- **What you have to do**
Without copying any picture, transcribe exactly the lines of the data below from the one containing "Large backyard space" through the one containing "a patio with".

- **Records**
______________________________
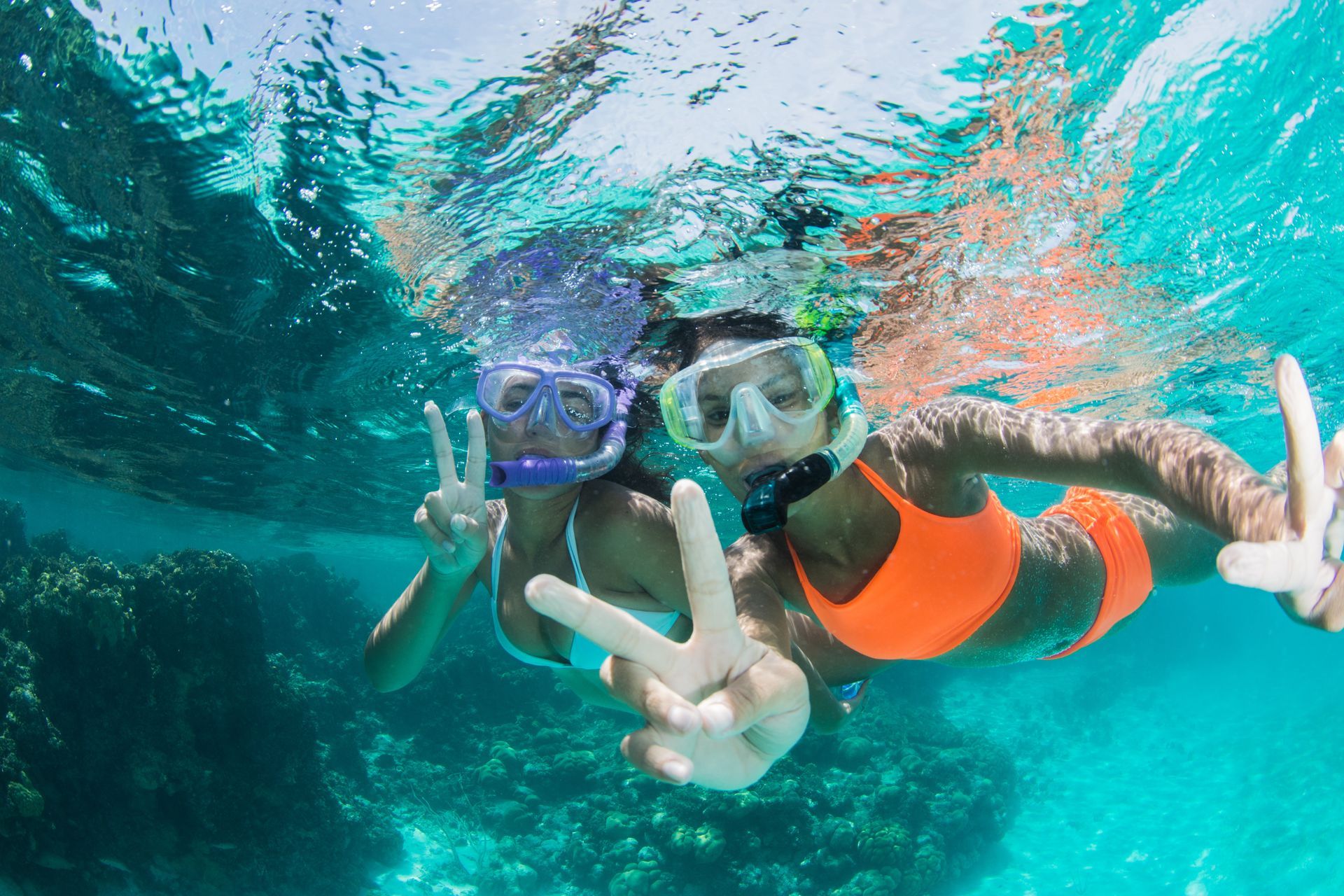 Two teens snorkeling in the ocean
______________________________
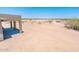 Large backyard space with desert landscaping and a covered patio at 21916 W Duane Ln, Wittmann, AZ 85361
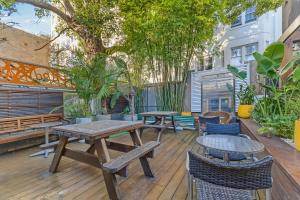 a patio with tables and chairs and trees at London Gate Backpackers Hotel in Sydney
______________________________
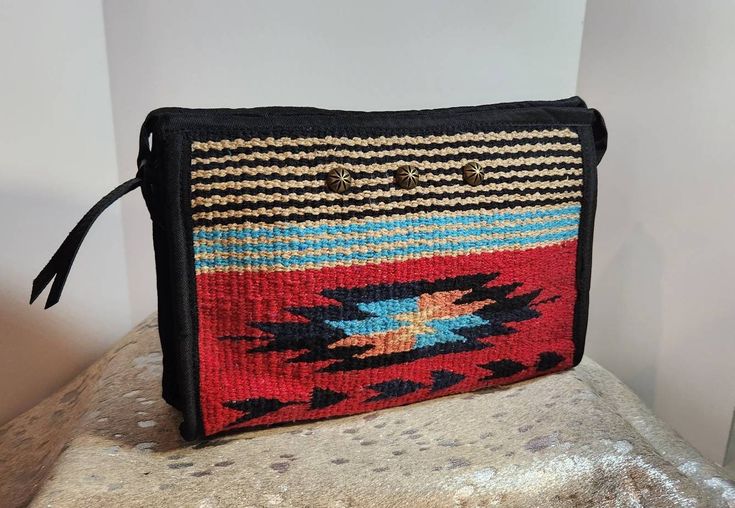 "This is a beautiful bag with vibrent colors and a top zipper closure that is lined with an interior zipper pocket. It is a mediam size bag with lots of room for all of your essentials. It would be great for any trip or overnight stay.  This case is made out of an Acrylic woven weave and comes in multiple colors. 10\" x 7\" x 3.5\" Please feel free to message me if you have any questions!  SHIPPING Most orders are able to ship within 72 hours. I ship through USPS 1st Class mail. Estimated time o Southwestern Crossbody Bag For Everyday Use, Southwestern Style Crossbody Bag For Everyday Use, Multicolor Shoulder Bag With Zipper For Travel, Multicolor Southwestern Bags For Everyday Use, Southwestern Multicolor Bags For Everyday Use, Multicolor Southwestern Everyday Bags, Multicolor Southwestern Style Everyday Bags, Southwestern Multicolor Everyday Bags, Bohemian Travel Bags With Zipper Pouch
______________________________
- **Solution to this problem**
 Large backyard space with desert landscaping and a covered patio at 21916 W Duane Ln, Wittmann, AZ 85361
 a patio with tables and chairs and trees at London Gate Backpackers Hotel in Sydney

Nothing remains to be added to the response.